После спектакля, успех которого рос от сцены к сцене, за кулисы в кабинет к А. Я. Таирову пришел К. Е. Ворошилов с товарищами поблагодарить коллектив. Интересно, что Клемент Ефремович разговаривал с нами не как с актерами, а как с действующими лицами пьесы.
Ворошилов подошел ко мне, пожал руку и стал что-то говорить, Помню только:
- Так что, молодец! Правильно сделал, что пристрелил этого вожака. Жаль, конечно. В основе своей он не плохой парень, боевой, но пошел не по той дороге. Переделывать тебе его было, конечно, некогда... бон... а вред он чинил большой...
Успех спектакля трудно было преувеличить. Ф. Панферов в "Правде" писал: "Постановкой "Оптимистическая трагедия" Вс. Вишневского Камерному театру удалось дать спектакль, полный идейного смысла и актерского мастерства.
"Оптимистическую трагедию" надо отнести к тому типу новых постановок, которые двигают наш театр вперед...".
Сам А. Таиров в статье "Военно-оборонная тематика в Камерном театре" определил этот спектакль как победу театра, ищущего "свой собственный путь к социалистическому реализму, как основному стилю нашей эпохи".
Молодежь восторженно принимала спектакль, остро и бурно реагируя на происходящее на сцене. "Комсомольская правда" 5 января 1934 года писала: "Этим спектаклем берут первые подступы великого искусства советской оптимистической трагедии".
Казалось, было от чего закружиться голове руководителя театра.
А поток хвалебных рецензий продолжался...
И когда на банкете говорили речи и поздравляли Таирова, я тоже сказал:
- "Оптимистическая трагедия" не случайный успех "эстета и его театра", а крупная победа большого художника, победа Таирова прежде всего над самим собой, осознанный переход его на новый метод работы. Это победа и актерского коллектива, который гибко и смело сломил в себе старое и пошел по новому пути. И я, как законченный эгоист, горжусь,-торжественно заявил я, - что в этой перестройке есть и моя доля!

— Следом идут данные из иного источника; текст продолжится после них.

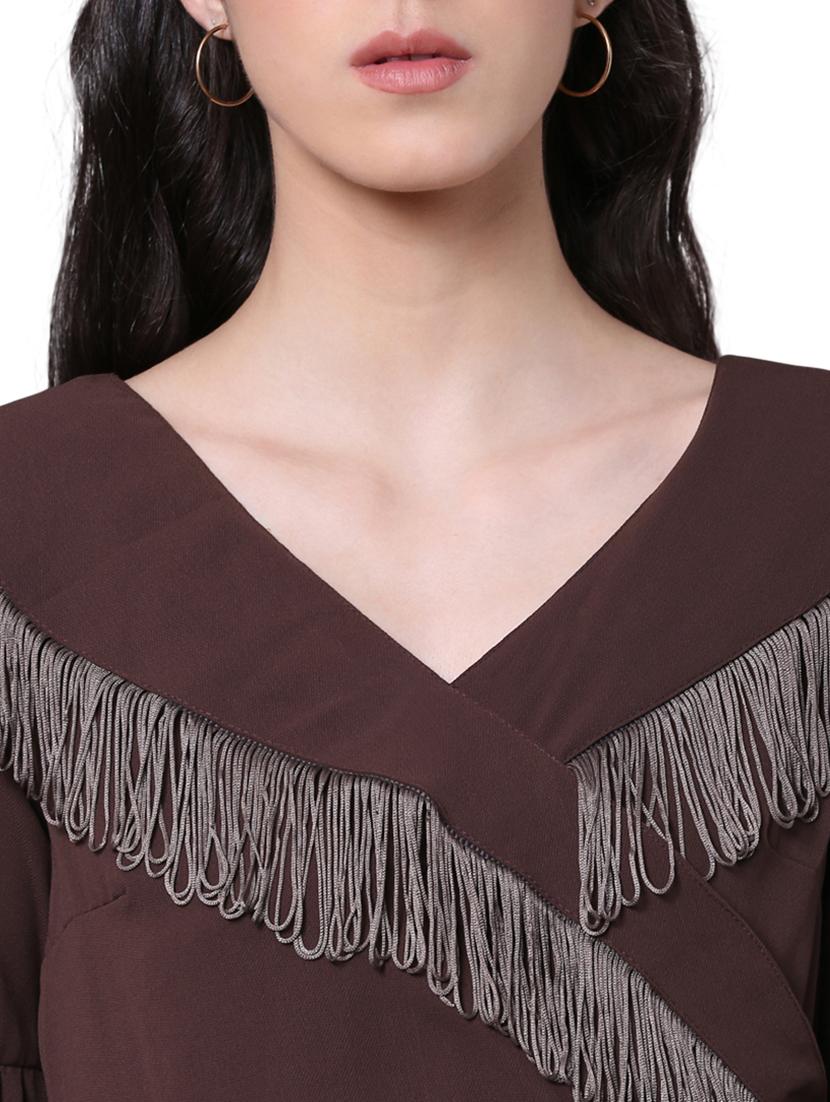 fringed lace pleated wrap top - 15756910 - Zoom Image - 4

Аплодисментов не последовало - я произнес свой тост про себя.
Не хочу вспоминать все чудесные слова, сказанные критикой в адрес исполнителя роли Алексея. Но, отбросив ложную скромность, одно высказывание, которое вдохновило меня для дальнейшей работы, придало нужную веру и силы, а главное, позволило критически осмыслить достигнутое и использовать для будущих "бросков", я все же процитирую по пожелтевшей вырезке из газеты.

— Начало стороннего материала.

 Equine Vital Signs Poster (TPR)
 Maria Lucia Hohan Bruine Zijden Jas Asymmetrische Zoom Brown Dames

Ю. Юзовский писал: "...Стиль спектакля в игре Жарова, раскрывшего логику перерождения Алексея, очень редкий случай "перерождения" на сцене, которому веришь. Лихую молодецкую удаль матроса Алексея Жаров не снял, "став сознательным", но дает ей черты другой, революционной романтичности...".
Вот тут-то я и оценил по-настоящему наш разговор с Таировым о "перевоплощении".
- Читали? - спросил я Таирова.
- Читал и вижу, что вы довольны, - ответил он.
- Доволен!.. Мы нашли правду, которая убеждает...
На спектакли я ходил, как на праздник. Я высоко ценил каждое слово в пьесе. И потому особенно было обидно, когда после второго или третьего спектакля убрали финальную сцену с Комиссаром, в которой была найдена большая человеческая правда личных чувств Алексея к женщине-комиссару.
Это была сильнейшая сцена в безлюбовной пьесе Вишневского. Она нигде не была напечатана и сохранилась в моем актерском экземпляре роли.